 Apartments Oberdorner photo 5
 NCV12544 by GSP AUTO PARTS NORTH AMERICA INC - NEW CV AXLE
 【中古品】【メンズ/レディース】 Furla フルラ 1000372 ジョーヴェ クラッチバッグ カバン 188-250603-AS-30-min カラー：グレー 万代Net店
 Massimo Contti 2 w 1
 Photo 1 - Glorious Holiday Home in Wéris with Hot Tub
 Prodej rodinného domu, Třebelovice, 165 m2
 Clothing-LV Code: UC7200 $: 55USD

* * *

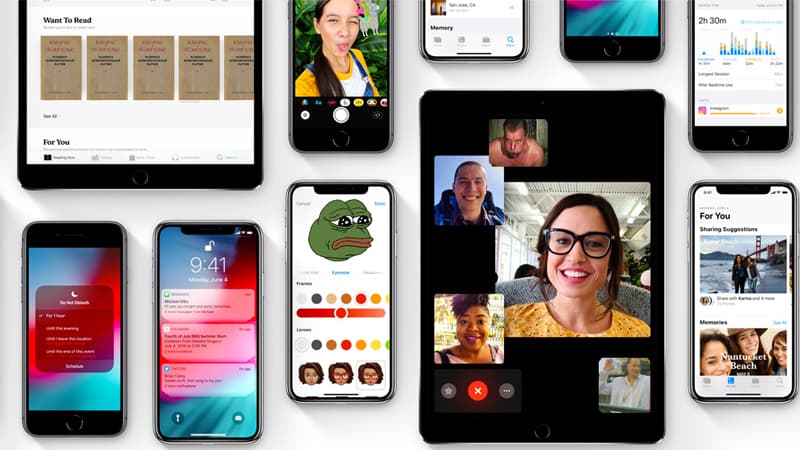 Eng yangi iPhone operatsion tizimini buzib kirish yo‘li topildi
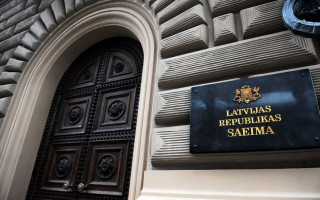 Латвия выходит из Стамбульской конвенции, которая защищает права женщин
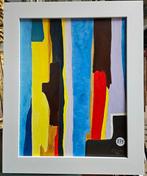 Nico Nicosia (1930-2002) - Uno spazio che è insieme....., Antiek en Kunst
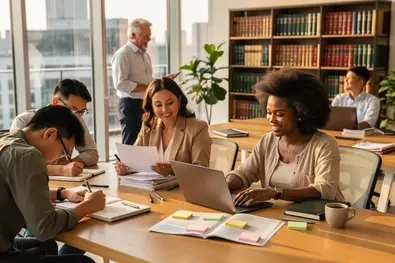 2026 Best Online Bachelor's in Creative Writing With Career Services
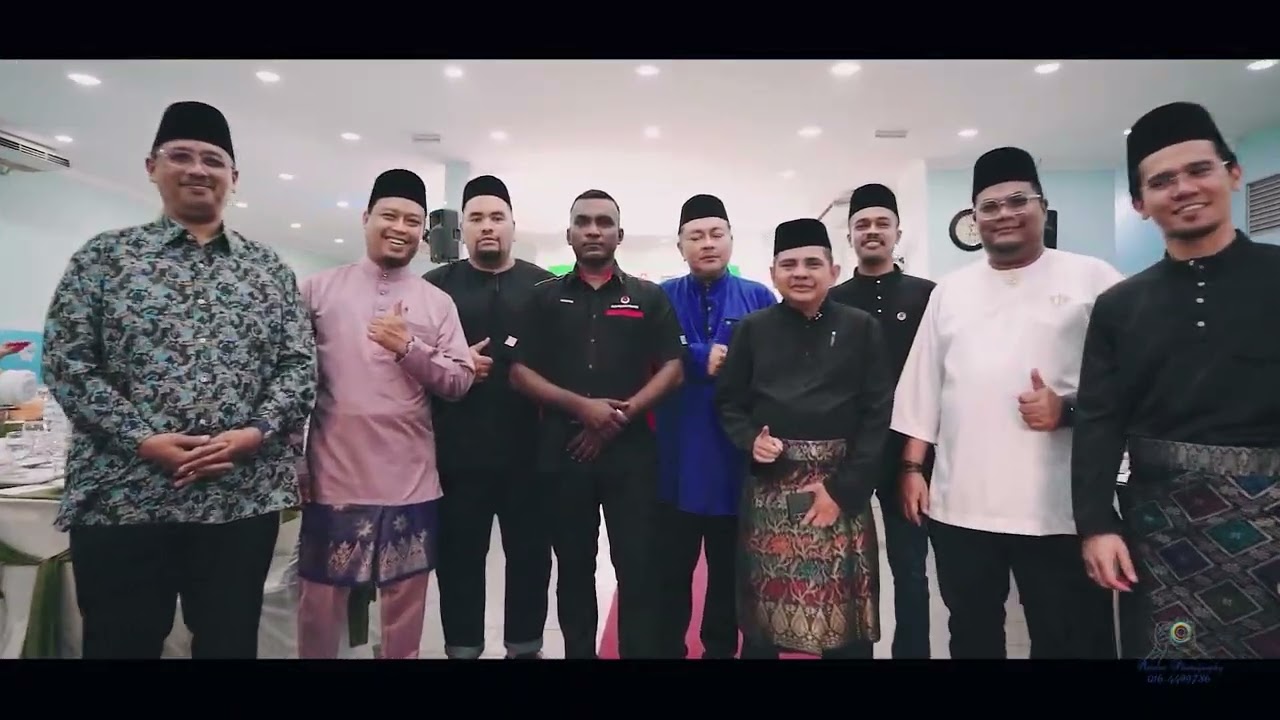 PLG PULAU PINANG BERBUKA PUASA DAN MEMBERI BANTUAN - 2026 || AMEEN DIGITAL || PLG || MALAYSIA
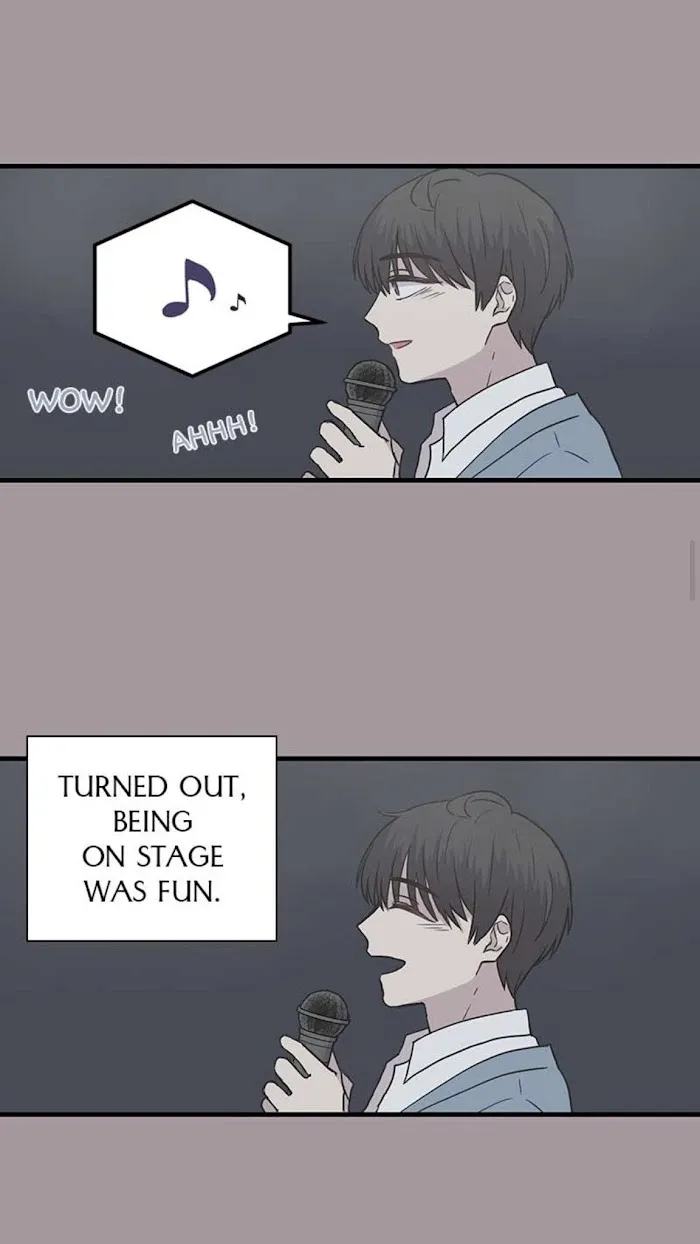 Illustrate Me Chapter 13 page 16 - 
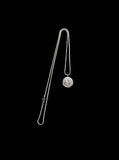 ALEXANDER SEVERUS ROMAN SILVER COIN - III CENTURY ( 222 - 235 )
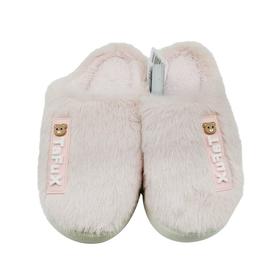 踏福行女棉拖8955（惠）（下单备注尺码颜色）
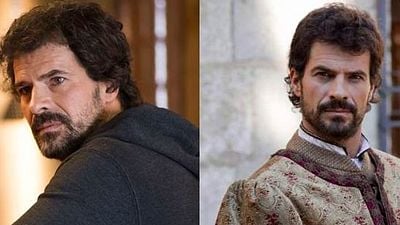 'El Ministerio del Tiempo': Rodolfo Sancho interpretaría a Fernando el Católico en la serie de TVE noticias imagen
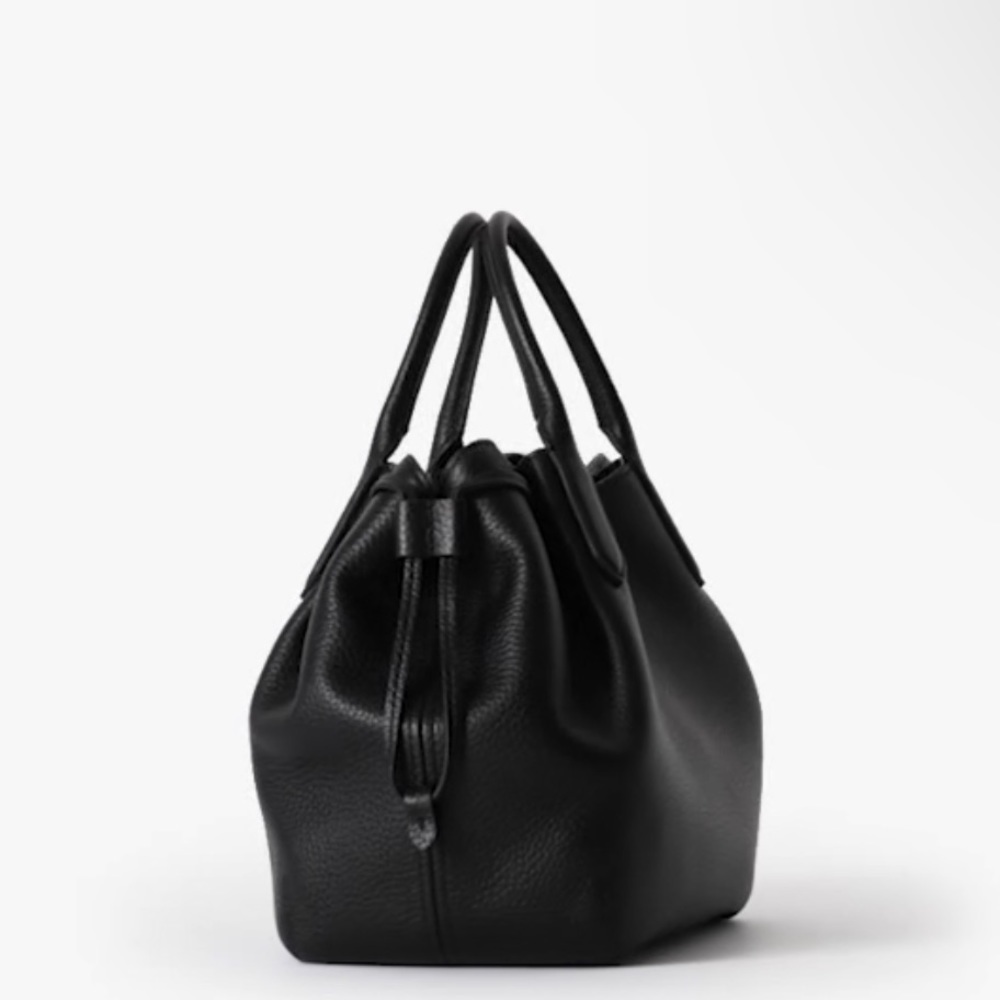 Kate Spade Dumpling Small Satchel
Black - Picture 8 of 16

...

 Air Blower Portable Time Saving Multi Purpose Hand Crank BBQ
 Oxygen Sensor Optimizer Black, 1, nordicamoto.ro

Work task: In the listing above, locate the line with "Apartments Oberdorner photo 5" and the line with "Photo 1 - Glorious", then extract exactly those lines and every line between them, and nothing more.

Result of the task:
 Apartments Oberdorner photo 5
 NCV12544 by GSP AUTO PARTS NORTH AMERICA INC - NEW CV AXLE
 【中古品】【メンズ/レディース】 Furla フルラ 1000372 ジョーヴェ クラッチバッグ カバン 188-250603-AS-30-min カラー：グレー 万代Net店
 Massimo Contti 2 w 1
 Photo 1 - Glorious Holiday Home in Wéris with Hot Tub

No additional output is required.